There was actually a thread about maybe a month back describing this exact same problem with a user upgrading from a rebel to a 60d (although they were more specific about the weird blur and showed us examples). I think the end result that was generally agreed upon is that the extra resolution of the 60d simply makes things look less 'in-focus' when viewed at 100%.
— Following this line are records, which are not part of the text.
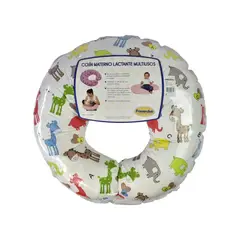 MUNDO BEBE - Almohada Cojín Materna Lactancia Multiusos Bebe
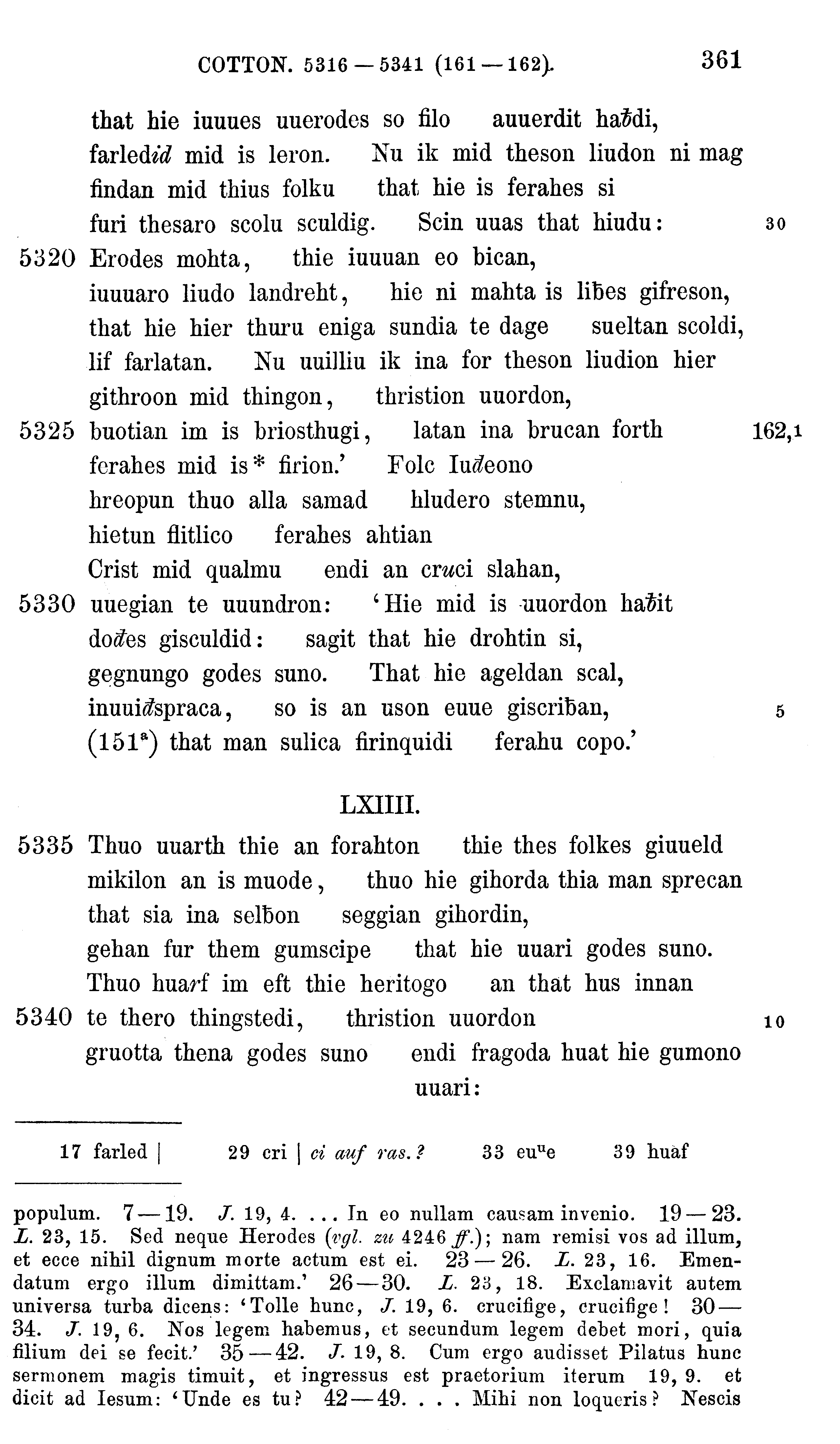 facsimile image (Sievers 1878, p. 361)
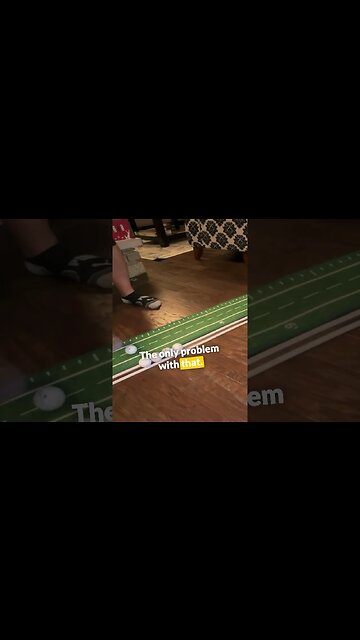 Game Changing Practice Mat for Golfers Affordable and Portable!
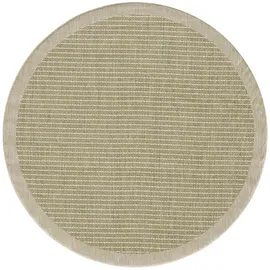 KADIMA DESIGN Teppich, Grün, 160x160 cm, pflegeleicht, Teppiche – Böden, Teppiche, Outdoorteppiche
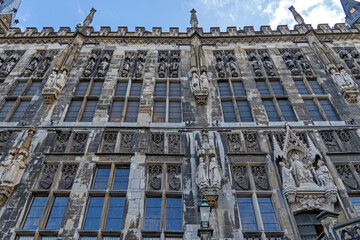 Canvas Print - Aachener Rathaus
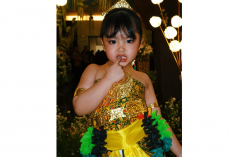 Xarena Zenata Denallie Baharudin, Anak dari Siti badrian dan krisijian baharudin menjadi sorotan publik 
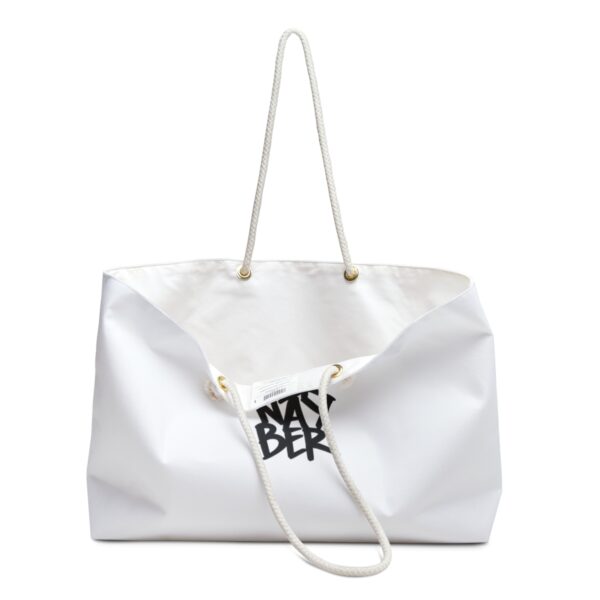 LUVYER NAYBER Weekender Bag - Image 3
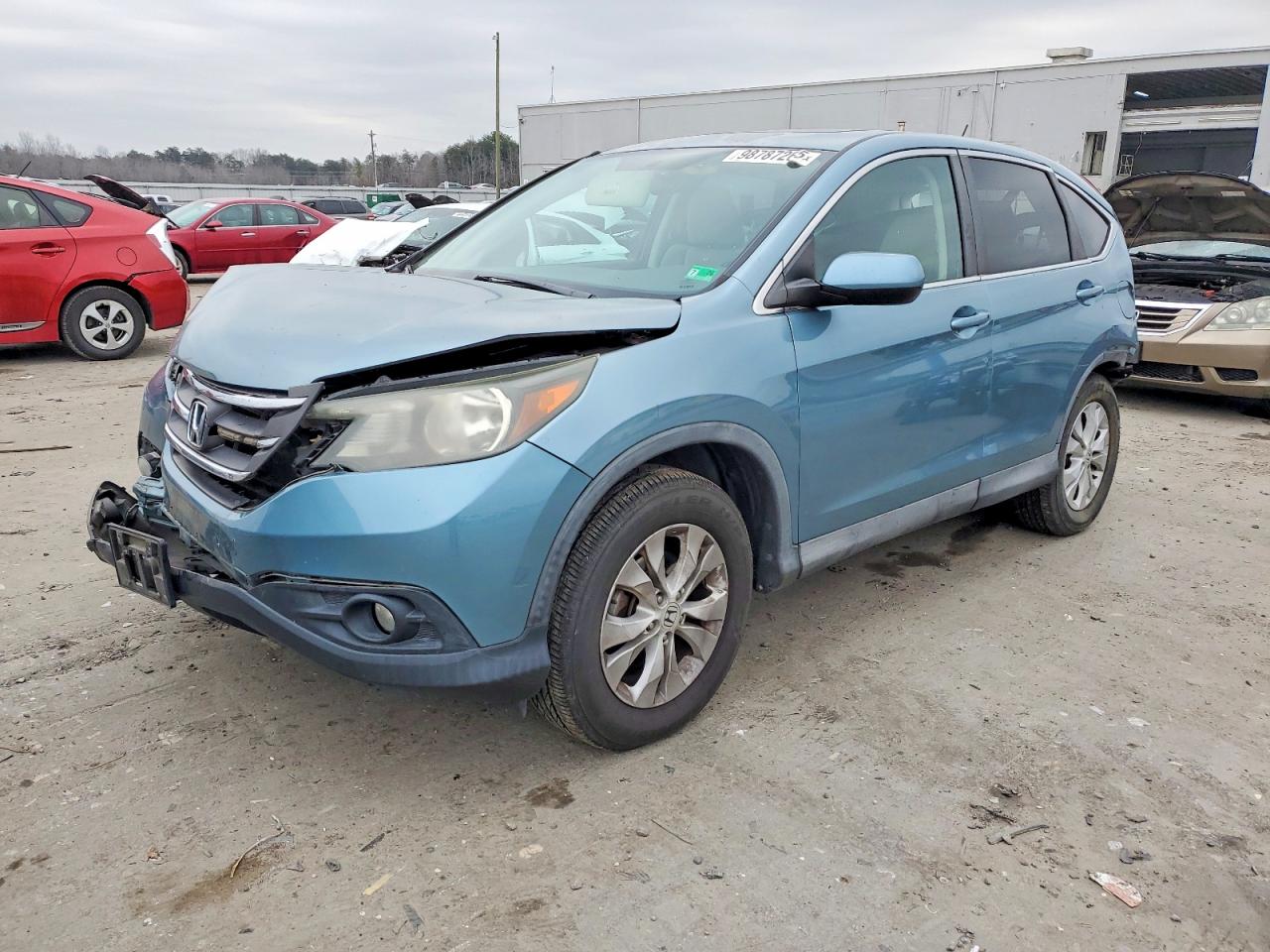 2014 HONDA CR-V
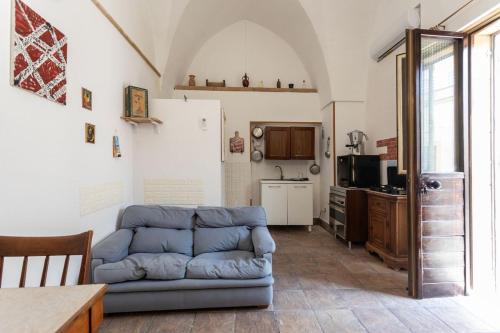 Kuchyň nebo kuchyňský kout v ubytování Bilocale Torre dellOrologio - Salento Reservation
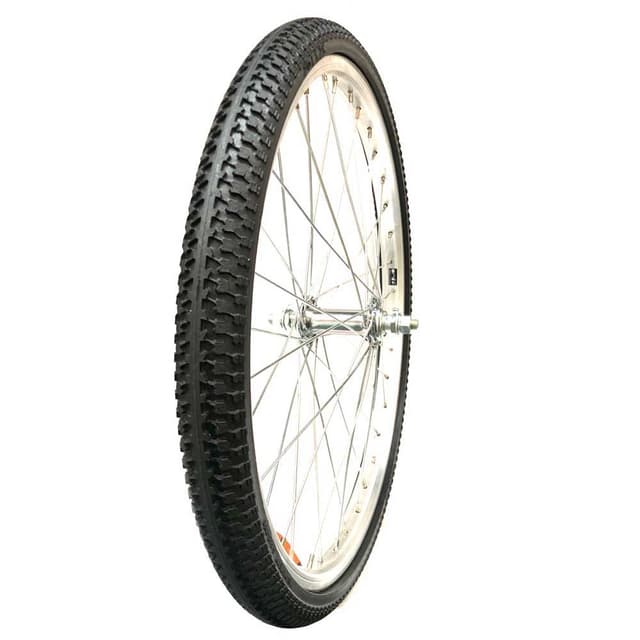 Greentyre Front Wheel with Polyair Solid Tyre 20x1.75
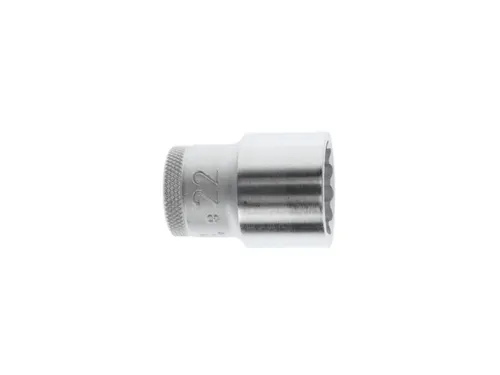 D 19 22 Dopsleutel 1/2 inch UD profiel 22mm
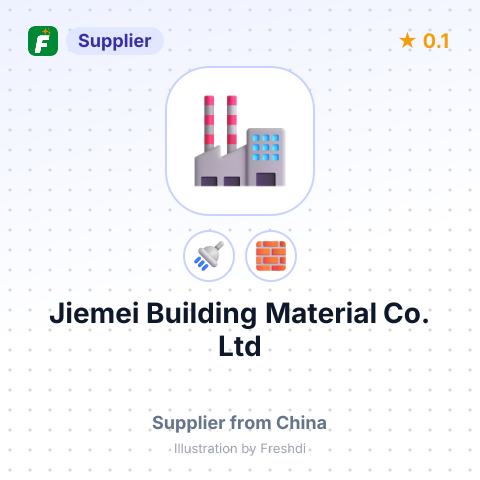 Jiemei Building Material Co.,Ltd – summary card, no photo uploaded yet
It's also possible that it's a focus-calibration error. Not sure off the top of my head if the 60d has focus micro-adjust or not, might be worth looking into.


----------



## kayliana (Apr 11, 2012)

I dont think it's user error. I'm about to graduate with my degree in photography, I'm not a beginner. I came here forHelp, not to be criticized. Thank you for those who helped. I think it's the lens. I can't believe how rude you people are on this forum. People come here forHelp and you tear them apart for a simple question, assuming it must be them, it can't be technology?


----------



## gsgary (Apr 11, 2012)

kayliana said:


> I dont think it's user error. I'm about to graduate with my degree in photography, I'm not a beginner. I came here forHelp, not to be criticized. Thank you for those who helped. I think it's the lens. I can't believe how rude you people are on this forum. People come here forHelp and you tear them apart for a simple question, assuming it must be them, it can't be technology?



Post a picture of the problem with exif data, 24-70 is one of my favourite lenses and never lets me down


----------



## Overread (Apr 11, 2012)

kayliana said:


> I dont think it's user error. I'm about to graduate with my degree in photography, I'm not a beginner. I came here forHelp, not to be criticized. Thank you for those who helped. I think it's the lens. I can't believe how rude you people are on this forum. People come here forHelp and you tear them apart for a simple question, assuming it must be them, it can't be technology?



You cannot presume that we know all your details from the first post you make in a thread. What most have said/suggested is that the problem is more likely some form of user error over being a technical problem. This does not invalidate technical problems, but means that generally one sees far more user errors as opposed to technical errors. 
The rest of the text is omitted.